In 2010, the Czech Republic consumed a little under 8.98 billion cubic meters (BCM) of gas, almost 10 percent more than in 2009. The It is likely RWE, E.ON and CE Group will wait to see the impact of Nord Stream before making further decisions on building a pipeline to connect with WAG.ČPU says the increase was spurned by the upturn in industry, which is the largest consumer of gas in the country accounting for 36 percent, and by a cold winter, which boosted consumption by households.

The Ministry of Industry and Trade (MPO) predicts gas consumption in the Czech Republic will rise to over 12 BCM a year in 2020, largely due to plans to build several gas-fired power plants.

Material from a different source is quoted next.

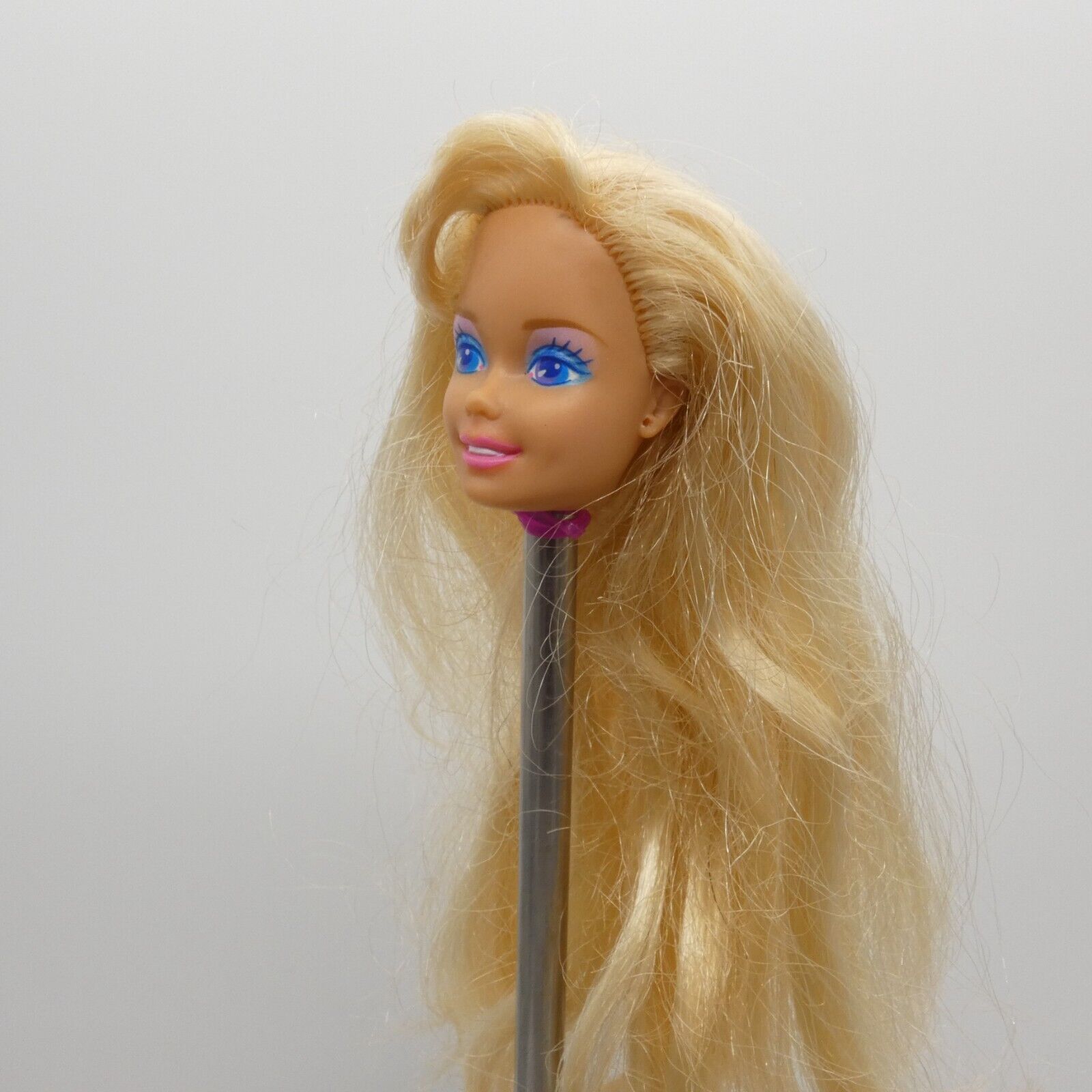 Rollerblade Barbie Doll Head Only Blonde Bangs Medium Light 1992 Mattel 2214 B2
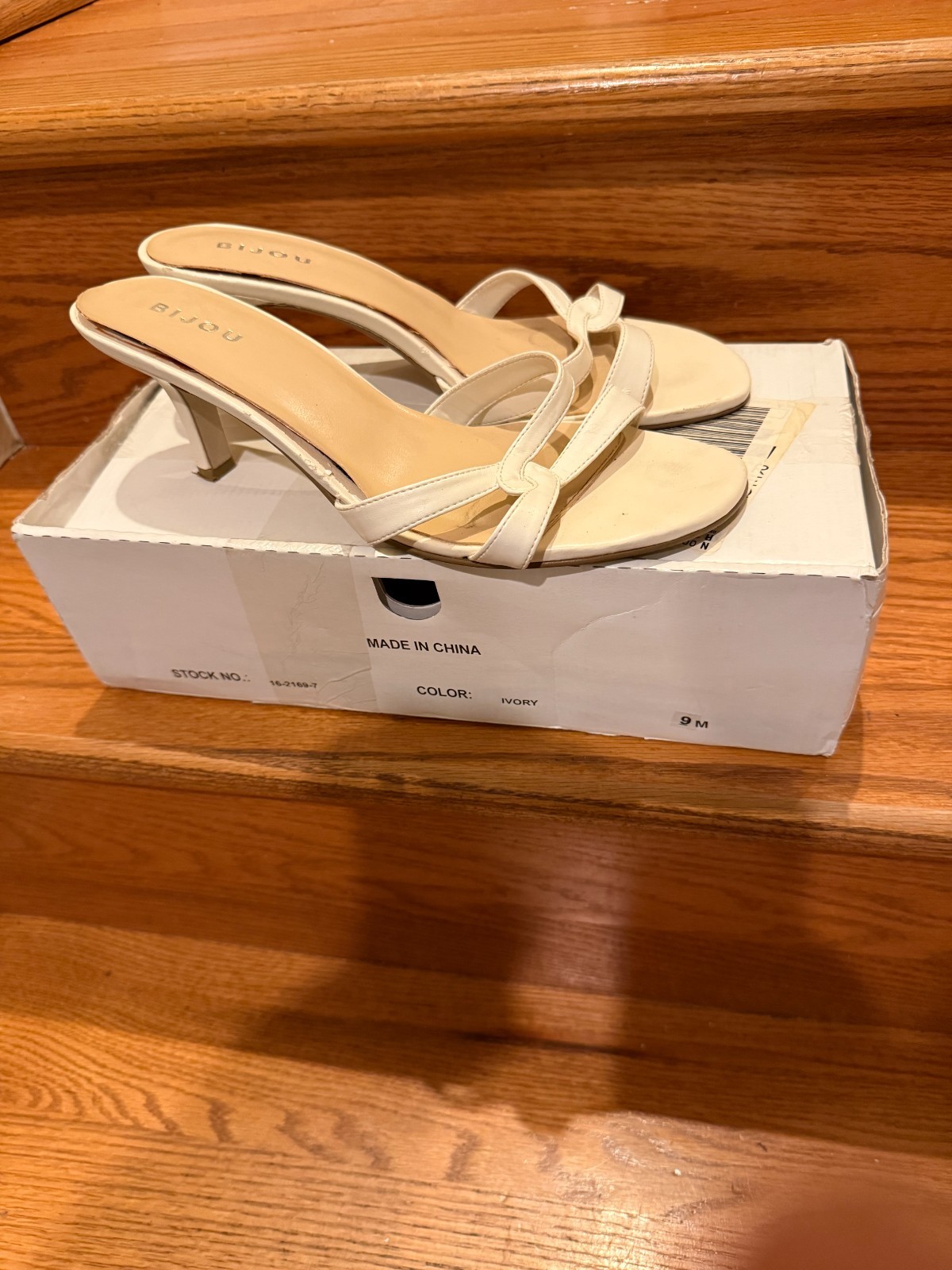 Bijou Ivory Strappy Kitten Heel Sandals Size 9M Open Toe Dress Shoes by A.J. Val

Nevertheless, with the launch of operation of the Nord Stream pipeline, which runs from Russia to Germany, scheduled for November, and the prospect of either or both the South Stream and Nabucco pipelines being completed between 2017 and 2010, it remains unclear which import routes will be most efficient for wholesale gas suppliers in the Czech Republic. As such it is likely that RWE, E.ON and CE Group will wait to see the impact of Nord Stream before making further decisions on building a pipeline to connect with WAG.

Russian gas from Nord Stream will be shipped to the Czech Republic via the OPAL and recently completed Gazela pipeline.

Supply diversity - a political priority

Despite the emergence of new routes for gas imports to the CEE region and the Czech Republic with the imminent opening of Nord Stream and an expected route from the Caspian via Turkey, the TGL and wider 5GL project is considered as strategically important to the EU policy to reduce dependence on imports of gas from Russia as it would enable imports to the CEE region of compressed and liquid gas shipped to Italy by sea, predominantly from North Africa.

The TGL consortium is comprised of five Austrian gas distribution and retailers which together hold a majority stake in the project, while German gas major E.ON Ruhrgas which holds a 48.05 percent stake.